- What you should do -
Gather every line in the records below that contains the word "Waterproof".

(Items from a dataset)
###
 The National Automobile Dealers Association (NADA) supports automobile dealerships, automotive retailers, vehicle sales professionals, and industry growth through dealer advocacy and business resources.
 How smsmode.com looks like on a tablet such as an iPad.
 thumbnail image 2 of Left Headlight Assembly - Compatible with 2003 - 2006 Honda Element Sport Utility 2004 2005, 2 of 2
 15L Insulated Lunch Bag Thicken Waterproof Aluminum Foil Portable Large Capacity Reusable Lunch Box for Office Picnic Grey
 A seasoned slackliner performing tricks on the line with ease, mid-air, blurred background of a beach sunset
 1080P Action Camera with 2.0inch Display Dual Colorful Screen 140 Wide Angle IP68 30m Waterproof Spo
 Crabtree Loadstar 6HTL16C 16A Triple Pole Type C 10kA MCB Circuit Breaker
###
- The completed task -
 15L Insulated Lunch Bag Thicken Waterproof Aluminum Foil Portable Large Capacity Reusable Lunch Box for Office Picnic Grey
 1080P Action Camera with 2.0inch Display Dual Colorful Screen 140 Wide Angle IP68 30m Waterproof Spo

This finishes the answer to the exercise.